You’ve got to love Obadiah, don’t you? He’s relatable. An ordinary man going about his day job, and yet God used him to do some important things. He’s been given a bad rap about his obvious fear, but that’s what makes him so relatable, right? Who isn’t afraid when life hangs in the balance? That’s also what makes Obadiah so inspirational. He didn’t let his fear stop him from obeying the Lord. I’m sure he was also afraid when he hid the 100 prophets of the Lord, but he did it anyway. To me, that’s the definition of courage. Not letting your fear stop you. Stepping out in faith and obedience.
I picture Obadiah as a quiet man, going about his business without much fuss and doing it well. He’s described as a faithful servant of both the king and of God. Not easy to do when your king is the most wicked in Israel’s history. Yet, God needed him in that place at that time. In the court of an evil king.

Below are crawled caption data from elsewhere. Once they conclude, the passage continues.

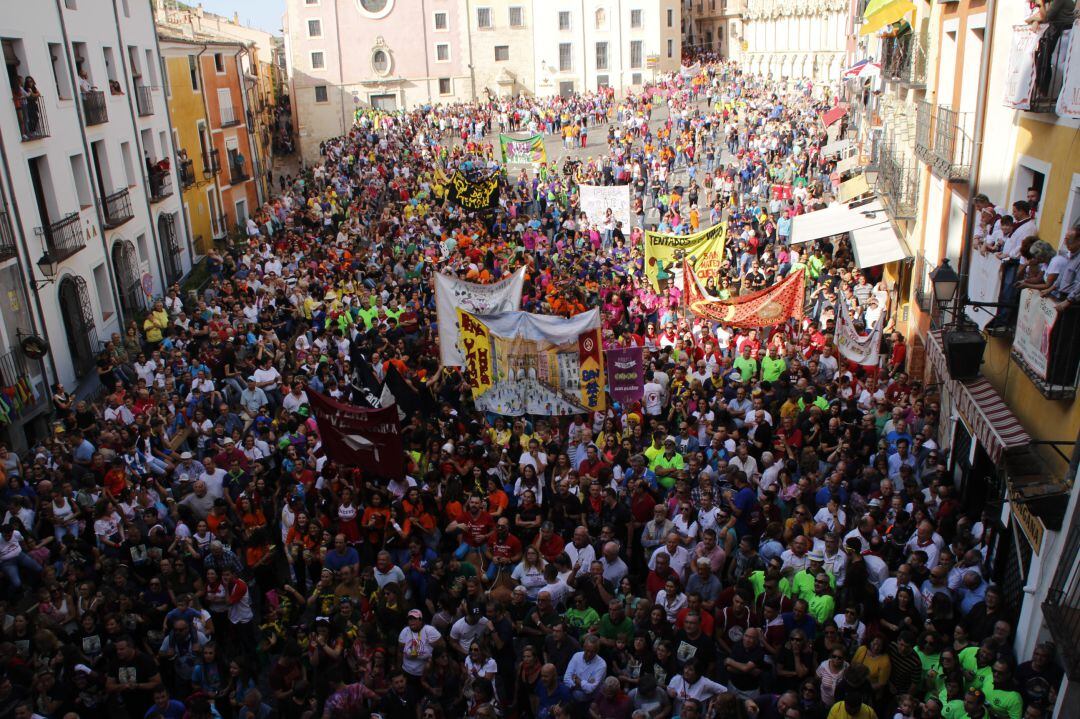 Las peñas congregadas ante el pregón de las fiestas de San Mateo de 2019 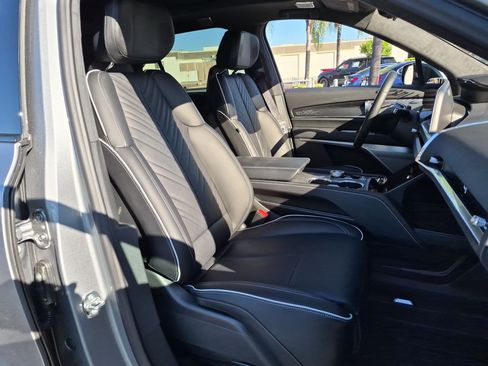 Used 2026 Cadillac Vistiq Platinum w/ LPO, Floor Liner Package AWD/4WD image 31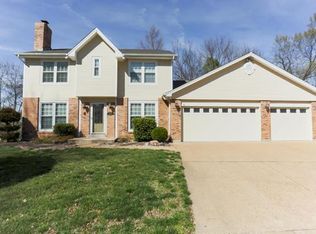 2549 Willow Knoll Dr, Saint Louis, MO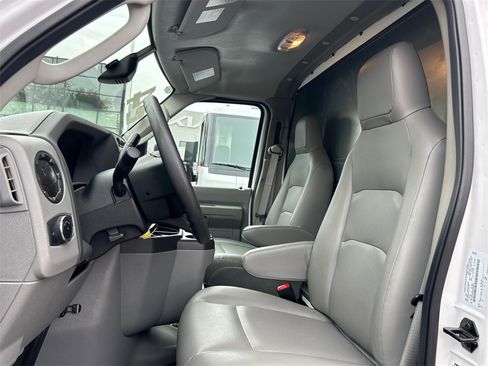 Used 2024 Ford E-450 and Econoline 450 Super Duty w/ Driver's Safety Package image 14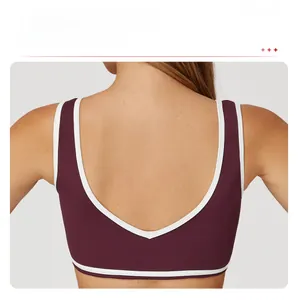 Détail macro du soutien-gorge de sport avec liseré contrasté et large design dos en V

I can think of many in our community who are like Obadiah, quietly going about their daily work in service to the Lord and their neighbors. This past Sunday, our family witnessed that first-hand when wildfires ripped through our farming community. My husband and I stood at the end of our driveway, looking at the smoke billowing to the south of us on both sides. We took in the dry fields and the relentless south wind and knew there was nothing we could do. We simply didn’t have the tools or the skills. So, we prayed. And God sent the Obadiah’s—the ones who were trained and able to get the job done. In addition to the volunteer firefighters and first responders, farmers in the area showed up, turning on center pivots and plowing and pushing dirt to create berms around personal property.
When I look at the arial pictures of the paths of each fire, I’m amazed at how many buildings were spared. All because people with skills were willing to run toward the fire, rather than away. How about us? God has placed each of us in our own spheres of influence and given us the skills needed to do our job. Will we run toward the fire when it comes, or let fear keep us away?